Twitter has been on a fast ride lately, getting lots of attention from various bloggers. The interview with Alex Payne from Twitter (which I found via Brandon Werner’s post) has really exposed Ruby on Rails current scalability issues.
This isn’t the first time that Ruby on Rails scalability has been called into question, even I asked how scalable is Ruby. The Grails vs. Rails benchmark by Graeme got a lot of attention, but it was a small benchmark and wasn’t a real world example. Well you don’t get more real world than Twitter now do you?
Adding CPUs for scaling is always an option, but what the Rails community isn’t really saying is how many Mongrel instances can you efficiently run per CPU? Mongrel not being multi-threaded is a real hindrance. Comparing to say a JEE server such as Tomcat or Jetty where you don’t have to run as many instances per CPU. Anybody will tell you that threading is much cheaper than processes. The cost saving in development time would easily be offset by the cost of hardware, especially if you are having to buy lots of hardware quickly.
While Alex’s comment were certainly interesting, what really got me was the reply by David Hansson. He made a point about the database becoming a bottleneck at some point, and this can be the case with many high traffic applications. However, not being able to connect to multiple databases is a problem. I’m not sure about other drivers, but with JDBC, you can specify a list of servers to connect to that will go a long way towards helping with load balancing. “Caching the hell out of everything” as Alex pointed out is not always a workable solution. What if you have a lot of dynamic queries? What if you don’t have a largely read only system? In those cases caching only goes so far.
The reply that was really a crying call however was
Second, when you work with open source and you discover new requirements not met by the software, it’s your shining opportunity to give something back. Rather than just sit around idle waiting for some vendor to fix your problems, you get the unique chance of being a steward of your own destiny. To become a participant in the community rather than a mere spectator. This is especially true with frameworks like Rails that are implemented in high-level languages like Ruby. The barriers to contribution are exceptionally low.
In this case, it seems that Twitter requires more sophisticated ways of talking to many databases at the same time. Alex puts it a little black and white with “…there’s no facility in Rails to talk to more than one database at a time”, which isn’t really true, but it could definitely be done better. Last I spoke with Twitter, we discussed this and they sounded enthusiastic about being able to further this area of Rails. It’s disappointing to hear that they’ve forsaken that opportunity for an arms-crossed alternative.
Hello… They have a business to run as well you know. Yes the beauty of open source is that you can contribute, but when you are trying to build a business you don’t have the luxury of digging through a ton of source code and then try to figure out the where the problems are and make changes.

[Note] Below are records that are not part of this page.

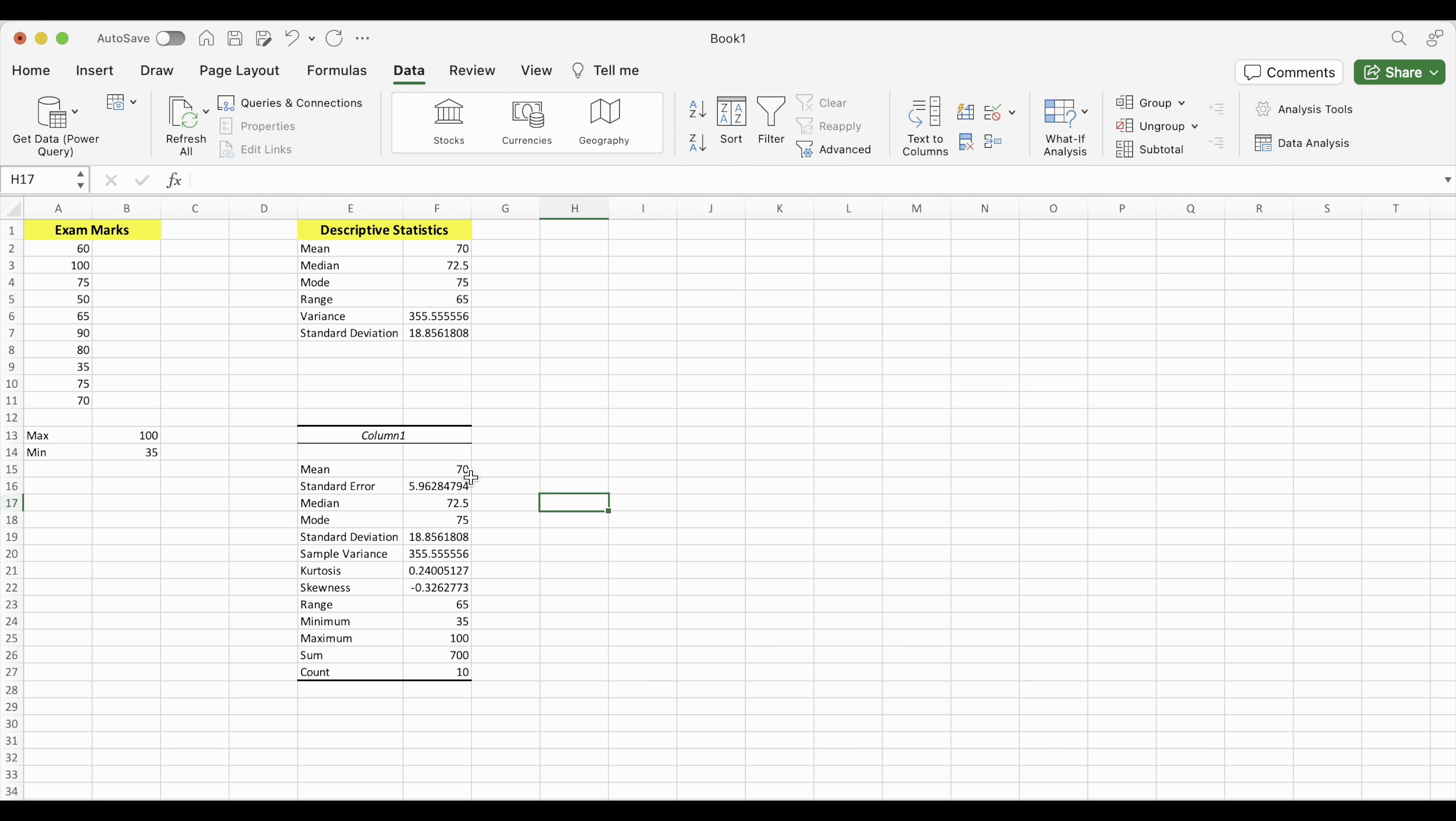So what you have here is a lot of different statistics. The mean, standard error, median, mode, standard deviation, sample variance, a couple of other things, kurtosis and skewness. Range, the maximum and minimum, as well as the sum of all of the scores, as well as the number of test scores. So all in one operation, we're able to get all of these stats, as well as some additional ones.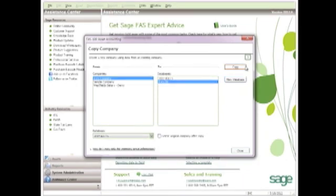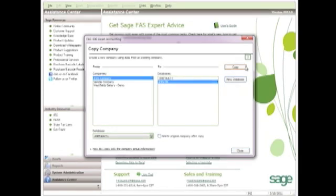There is another option of engaging our professional services team to write customizations that could automatically send transactions over from one company into another company. If you're interested in this approach, feel free to give me a call and I can put you in touch with someone that can help get you going with this option.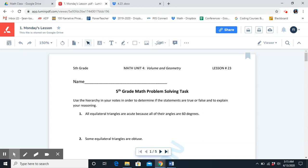Trapezoid. What is a trapezoid? A quadrilateral with at least one pair of parallel sides. What is a parallelogram? A parallelogram has exactly two pairs of parallel sides. That could be, for example, a rectangle.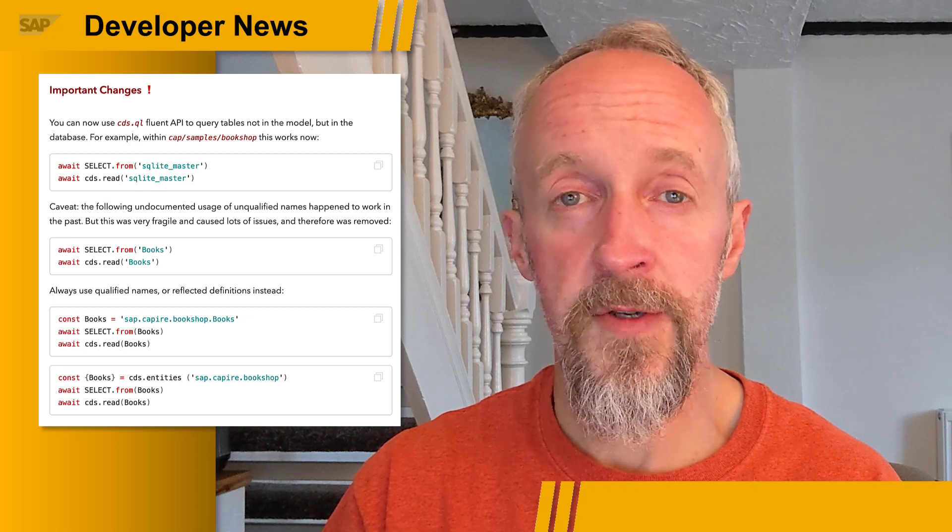The removal, along with recommendations on how to do these queries properly, is documented in the release notes along with lots of other detail. You can check out the release notes in the usual place, the CAP documentation. The link is in the description.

I may be wrong, but it appears that David’s response was the more closed-arms approach. “You don’t like it, fix it yourself”, which is often the attitude of many in the open source community. I would think that with a high profile use like Twitter, either the Ruby on Rails team or the Mongrel developers would work towards solving these problems instead of adding new features. Not every Rails application will see the kinds of loads that Twitter is seeing, but it becomes bad PR. Someone who is contemplating using Rails for an app could easily look at those kinds of reports and decide not to use it because it doesn’t scale, even if it would scale to what they would need.
What the Ruby on Rails community needs to do is step up and build a container that can scale effectively as well as support other options, such as the multiple database connectivity issue, before their current and potential future users decide to go elsewhere.

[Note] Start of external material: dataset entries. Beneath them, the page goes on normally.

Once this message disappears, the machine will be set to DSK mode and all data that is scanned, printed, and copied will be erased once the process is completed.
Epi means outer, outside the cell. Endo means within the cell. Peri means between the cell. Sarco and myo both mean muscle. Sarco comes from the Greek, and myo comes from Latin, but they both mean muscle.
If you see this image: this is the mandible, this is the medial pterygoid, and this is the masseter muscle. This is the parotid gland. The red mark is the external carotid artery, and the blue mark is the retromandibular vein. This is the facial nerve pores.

Don't miss anything, subscribe!

Dude, he (DHH) wrote Rails for you to use, for free!. Do you think he ows you fixing your particular problems? He also runs a business, he´s also busy improving other aspects of the framework. This is the sort of reasons Twitter chose to go with an Open Source framework in the first place, as opposed to a propietary solution where the vendor will, indeed, run to fix your problems in exchange for juicy bucks. You have a scalability issue with Rails? Fix it. Write a plugin or something. Share it. DHH did it with an entire framework, and he didn’t really had to.
Ismael: No, he may not personally owe anybody anything. There are enough people working on Rails directly though, or at least with the various containers, that someone should be on this.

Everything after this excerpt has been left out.